Speaking of those issues, how did Indy end up getting forgiven and instituted as one of the deans or whatever at the end? As far as i can tell the sequence when something like this. Indy is coerced into helping the Communists but escapes. The government worries that he might be a traitor and/or might end up helping the Communists again, and tries to wreck his life. Indy _does_ get captured and coerced into helping the Communists again, but luckily no one in authority knows about it. Indy then escapes and then defeats the Communists, and some aliens, and some geography, but unfortunately no one in authority knows about it (and fortunately no other archaeologists know about the artifacts he inadvertently helped destroy.) He then goes home, and despite that fact that he can't prove anything happened, good or bad, he's suddenly back in good graces without explanation. Did McCarthyism manage to peak and fail entirely during the time while he was gone? Possibly, but it certainly wasn't explained.
As for the aliens, they sat around in their chamber for hundreds or thousands of years before one of their skulls got stolen, and the instant it comes back they need to get the hell out of dodge right _now_?
Of course not offering a reward to those who have valiantly rescued them. However despite the fact that one of them was along for the entire ride in the form of their skull, they don't seem to have a very clear idea of who it is exactly that deserves their gratitude.
Does the psychic russian person get the reward because she was the one to physically put the skull back? Because she was the first one to ask for it? Because the aliens are just dumb?
And although making bad choices when asking for a wish is a trope with a long history, it changes things a bit when the thing granting the wish is sentient and has free will. She asked for "all knowledge" (or something like that) as a reward, and it predictably resulted in a literal mind meltdown, during which the alien just watches her and makes some kind of indecipherable face. So what was it/they thinking at that point? Were they evil? Incompetent? Contemptuous? Just plain confused? "That's interesting, when I mentally access the repository of all knowledge my face doesn't reconfigure itself into liquid form. Is that something special you humans do? Oh well, I need to run now, I'm a few thousand years late for my dinner date. I need to hurry or I won't be getting lucky this eon! Have fun with your face melty thing! Bye!"

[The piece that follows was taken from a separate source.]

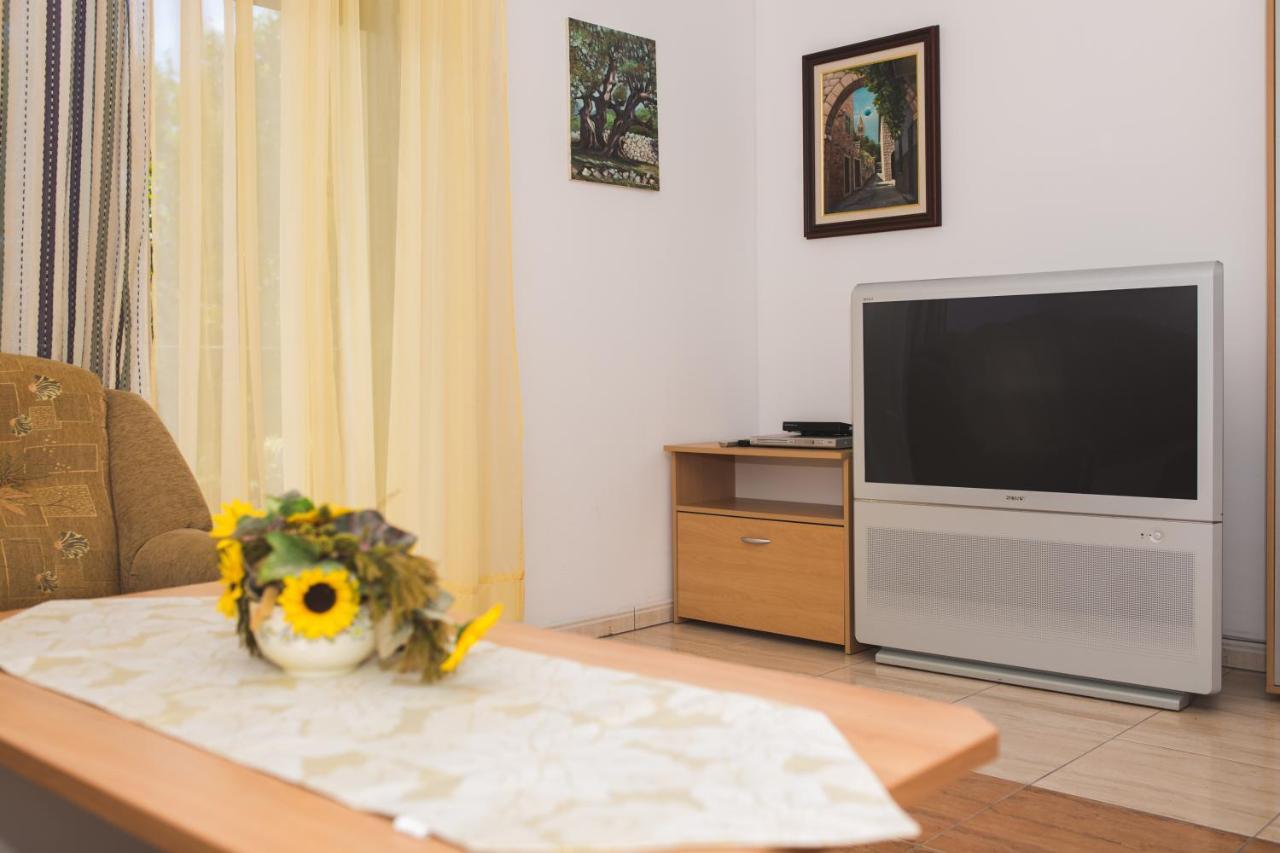 Apartmani Nada & Darko, Kampor, Rab, Hrvatska Eksteriør bilde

And then they depart, sucking up everyone who "helped" rescue them that wasn't smart enough to start running immediately, the chamber of ancient treasures they'd saved from around the world (only to destroy now) not to mention the entire ancient temple, and then topped it off by flooding the entire valley that their tribe of faithful worshipers had been living in for centuries. I guess it was a good thing for them that they were all killed by the Communists before they could be destroyed by the unfaithful gods =P
And speaking of who was responsible for what, why oh why did Indy decide to take his friend back after he had already been betrayed twice? And why did he even bother trying to save him after the third betrayal? It started to seem a little like a sitcom, Indy: "Hey look everyone! We're being betrayed to the enemy for a quick buck again! Oh that Mac!" Studio audience: "HAHAHAHAHA!"

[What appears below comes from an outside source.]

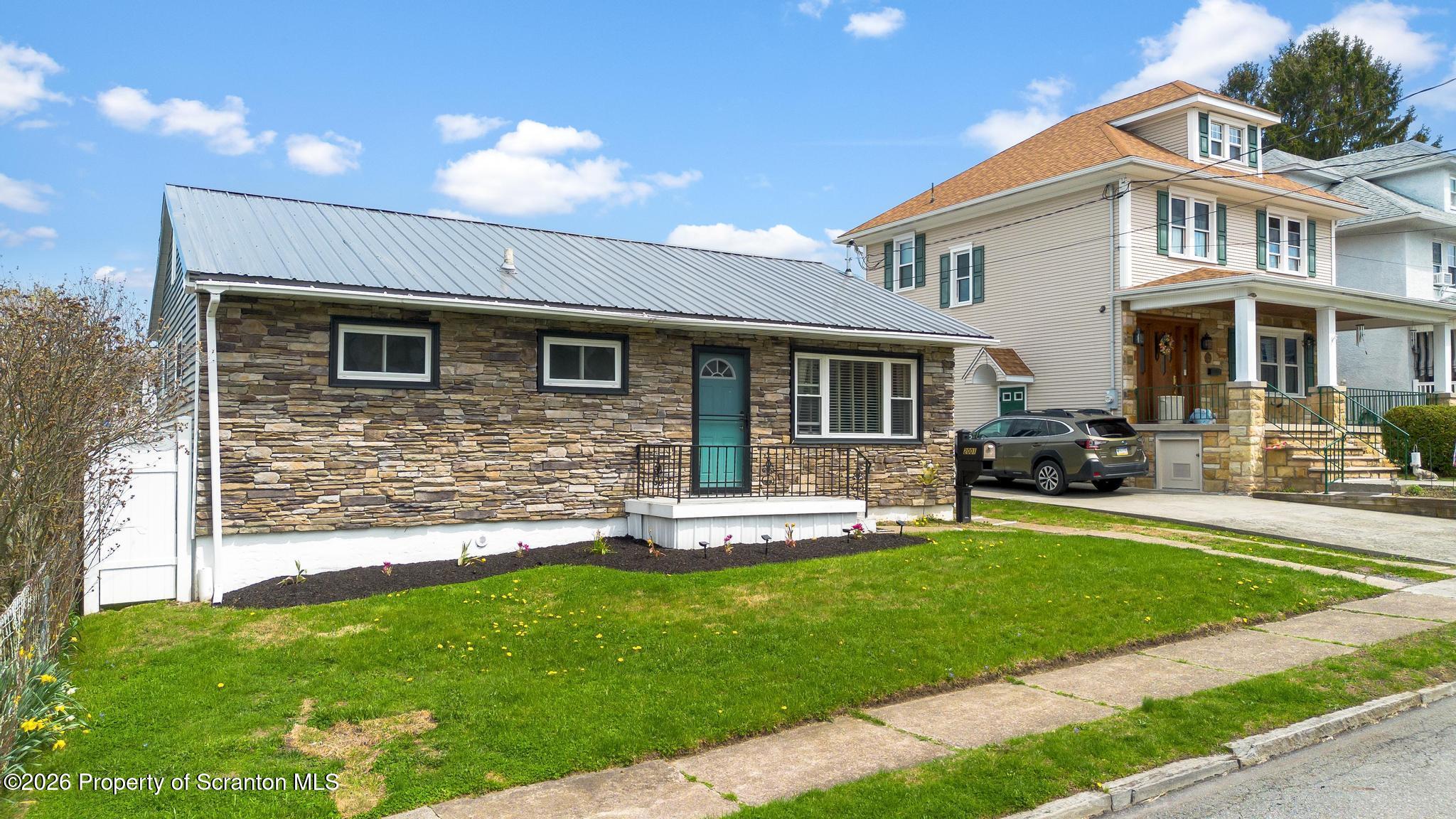 2001 Rigg Street Dunmore, PA 18512 - Photo 3 of 32 Front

Sure they had some kind of brief conversation in the middle of a fist fight in which Mac claimed he'd been planning to triple-cross the soviets all along, but it wasn't very convincing and it was bizarre that the rest of them never stopped to question it after they had escaped.
So all in all it was an okay action movie, but it didn't really live up to what i was expecting for an Indiana Jones movie. I'm hard pressed to say if i would rate it above or below Temple of Doom, but it's certainly not putting any pressure on Raiders or Last Crusade.